In the short time Tom and Donna spent in relationship therapy, I learned that underneath there surface differences, they were both deeply wounded people. Tom was raised by an abusive, single mother who'd been jilted by his father, a married man whom Tom had met only once before he died and who never openly acknowledged Tom as his son. Tom's mother was an emotionally fragile woman who vented her rage on him, criticizing and humiliating him every chance she got from the time he was child until his late teens when he joined the army and volunteered for the paratroopers, a decision I described to him as literally, jumping to safety. After he was discharged from the army, Tom enrolled in college, got student loans and tried to forget his tortured childhood. But he was never able to shake a deeply ingrained feeling that he was unlovable, accompanied by a fear bordering on terror whenever any woman ever tried to get close to him.

Donna was also raised by a harsh, overly critical mother who made her feel she was neither as pretty as her sister nor as smart as brother. Like Tom, she was an illegitimate child who never knew her real father, the unintended consequence of an affair her mother had years earlier when she'd almost left Donna's stepfather. No matter how hard he went through the motions, Donna's stepfather never made her feel he loved her as much as her sister or brother. Between her mother's harshness and underlying shame about her unwanted birth and her stepfather's indifference, Donna also grew up never feeling wanted. And like Tom she was never able to shake the feeling of being unlovable as an adult.

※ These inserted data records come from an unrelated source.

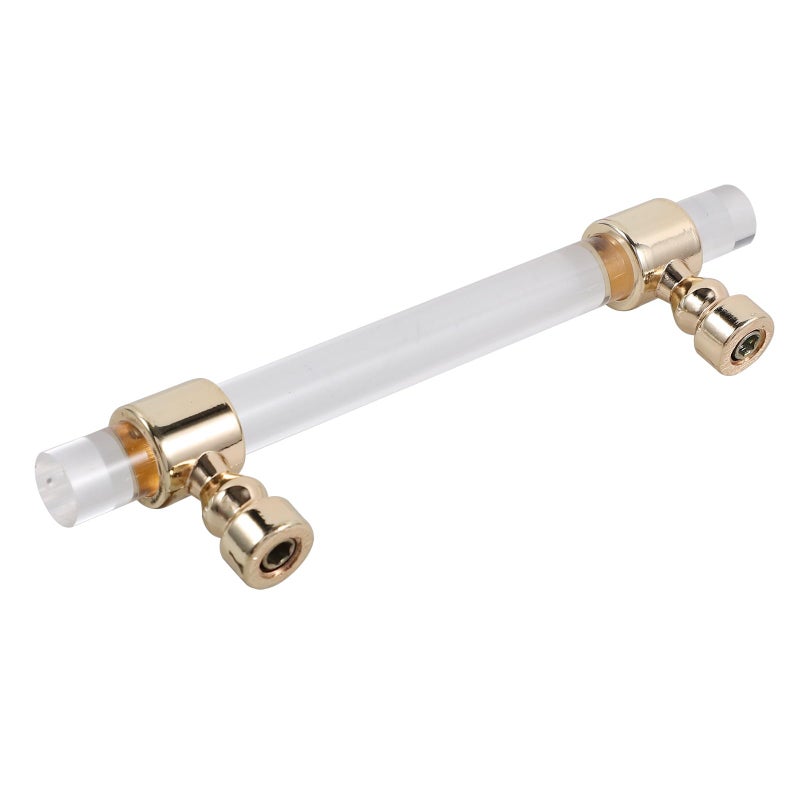 Silver Acrylic Cabinet Handle 96mm Hole Center 139mm Length Kitchen Drawer Pull - Image 2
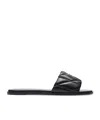Coach Holly Quilted Black Leather Flat Mules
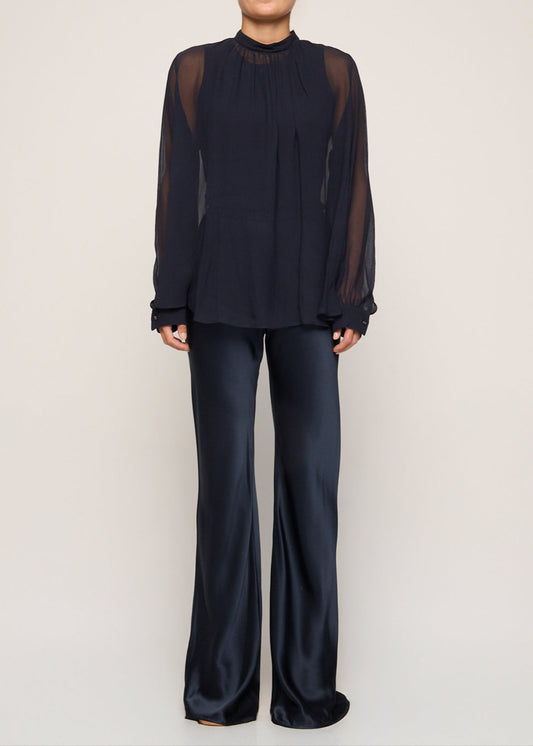 Camila Blouse Navy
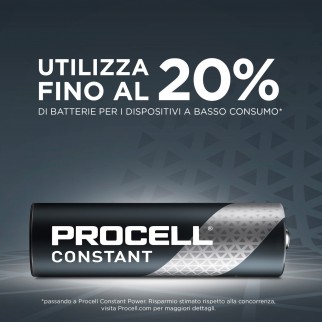 Procell Duracell Constant Power LR6 Stilo AA Mignon 1.5V for Low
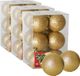 Ger Import 36x stuks kerstballen goud glitters kunststof diameter 6 cm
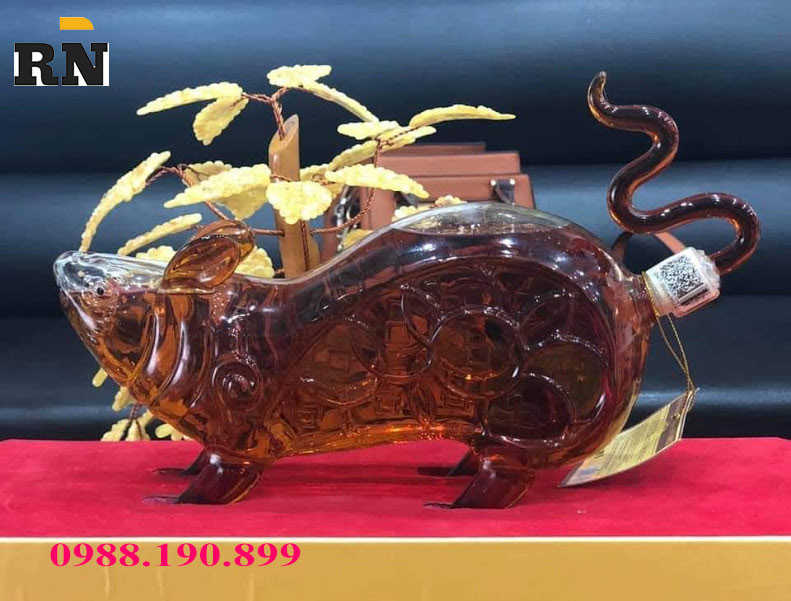 Rượu linh vật 2020 con chuột micky chính hãng của Nga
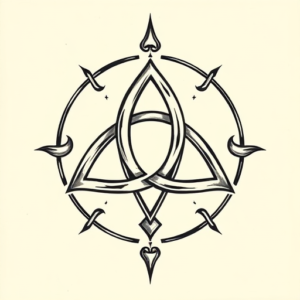 Chicano Triquetra Tattoo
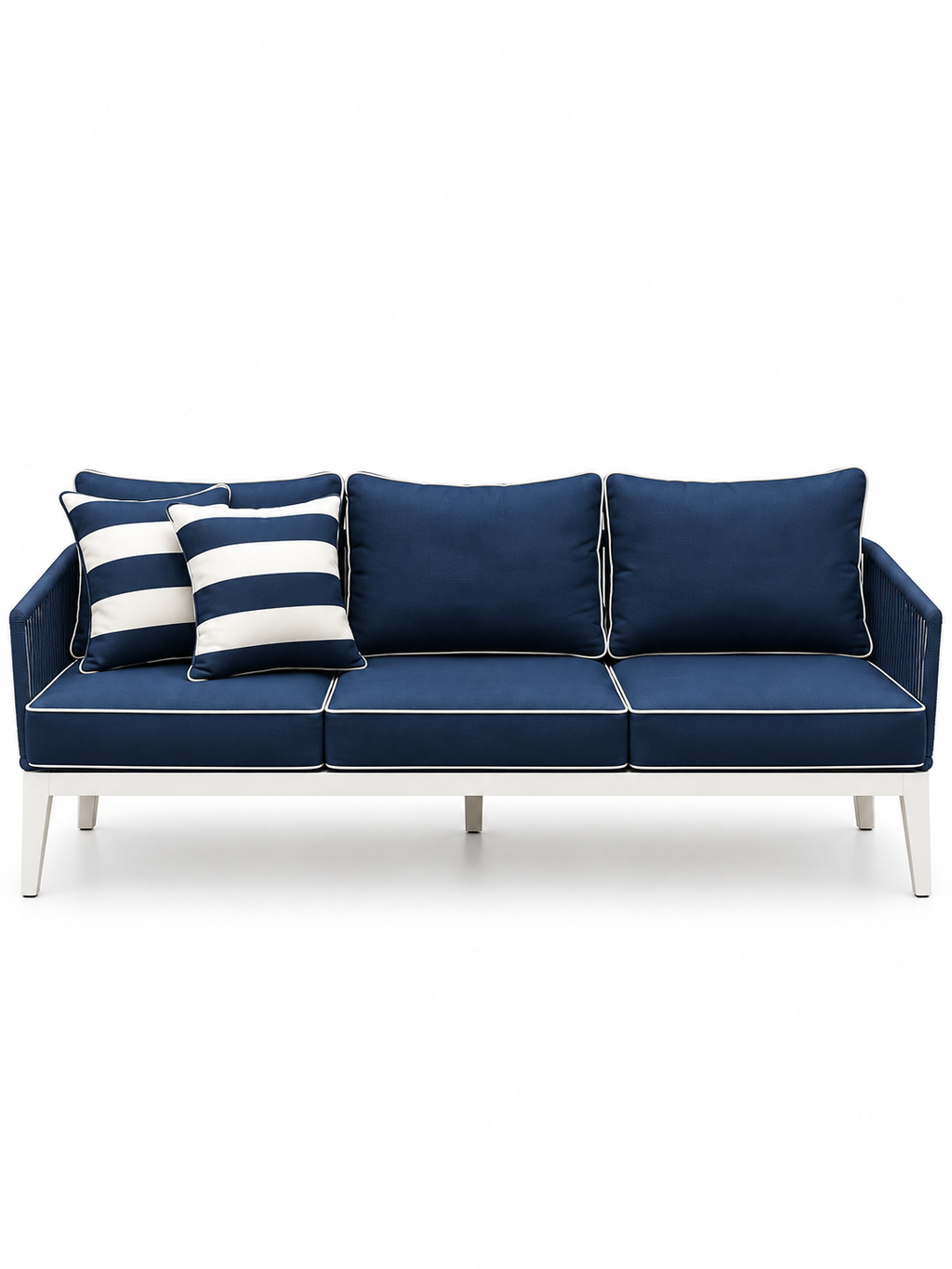 The Navira Outdoor Sofa — Luxury Teak Wood & Rope Sofa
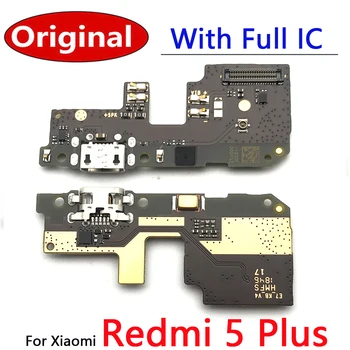 Оригинален Нов USB Порт За Зареждане, Докинг Станция, Зарядно Устройство с Щепсел Съединителната Такса Гъвкав Кабел За Xiaomi Redmi 5 Plus Конектор За Зареждане на Пристанището Flex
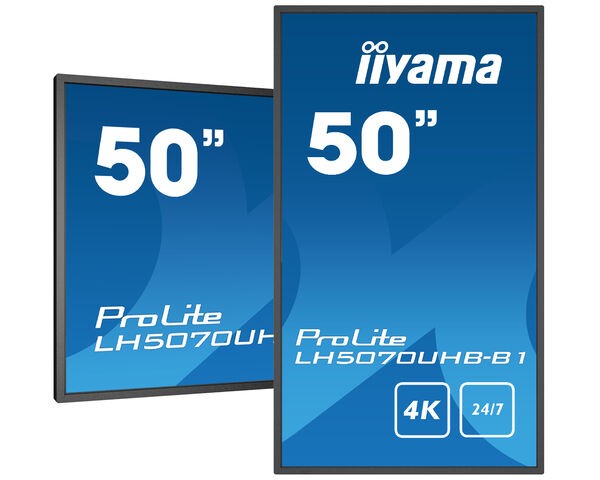 iiyama Prolite Pantalla profesional 50" 4K UHD, negro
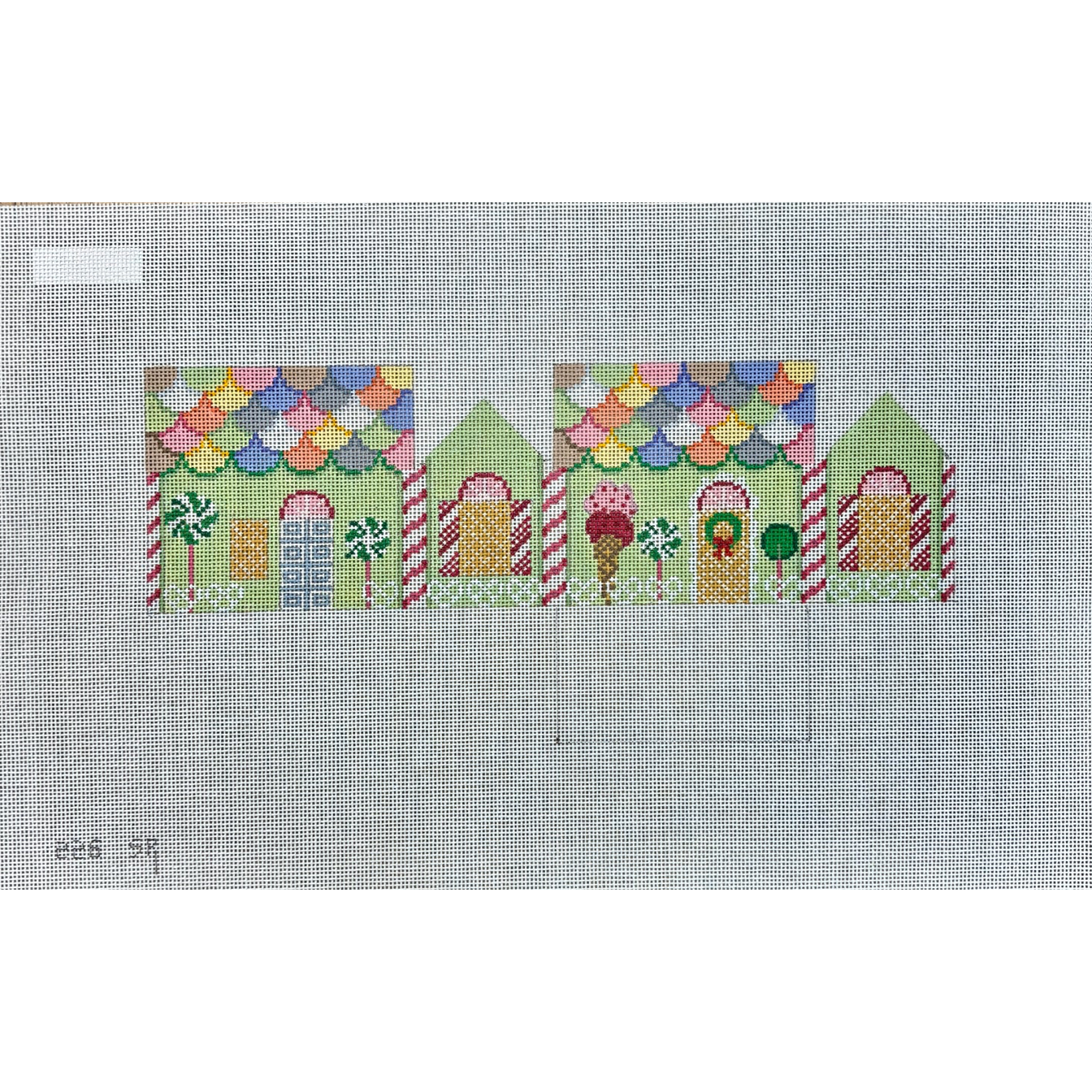 Susan Roberts | Pistachio and Neccos, 3D Gingerbread House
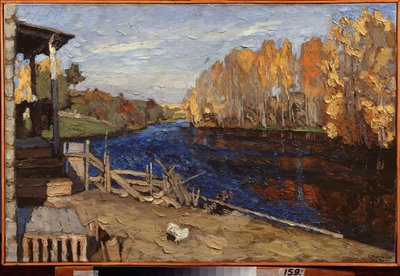 Jesień. Malarstwo Stanisława Julianowicza Żukowskiego (Żukowski) (1873-1944), olej na płótnie autorstwa Stanislav Joulianovitch Joukovski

With these devastating childhood experiences still seething deep inside them, what Tom and Donna did in their present relationship was to repeat the earlier experiences unconsciously in a particularly harmful way which psychoanalysts call projective identification.

On Tom's side, the projective identification got played out like this: By criticizing Donna unrelentingly, implying she was stupid and unsophisticated, he made her feel worthless, just as his mother had once made him feel. And Tom's unconscious acting out slowly, gradually became a way for him to set Donna up to finally abandon him, as his father had done to him.

On Donna's side, the projective identification got played out in the following way: By surrounding Tom with her own friends who had nothing in common with him and whom she knew didn't like him, she unconsciously encouraged Tom to feel like a hopeless misfit who never fit in, exactly the way she'd been made to feel by her mother and father.

If we look at Tom and Donna in terms of their capacities for autonomy and intimacy, we see that their childhood wounds caused them both to place an extremely high value on independence and autonomy as their chief means of survival. It was incredibly difficult for either of them to imagine, let alone feel, the pleasure to be had from emotional intimacy with another person. Sadly for both Tom and Donna, they couldn't have chosen worse partners to try to be close to.

Finally, if we compare Tom and Donna with Rick and Sara, Bill and Carrie and John and Laura on the Genograms page, it becomes a lot clearer why each of these latter couples, with some relationship help, has a relatively greater chance of successfully moving from the lonely, isolated "me" to an intimate, more fulfilling "we" in their present relationships.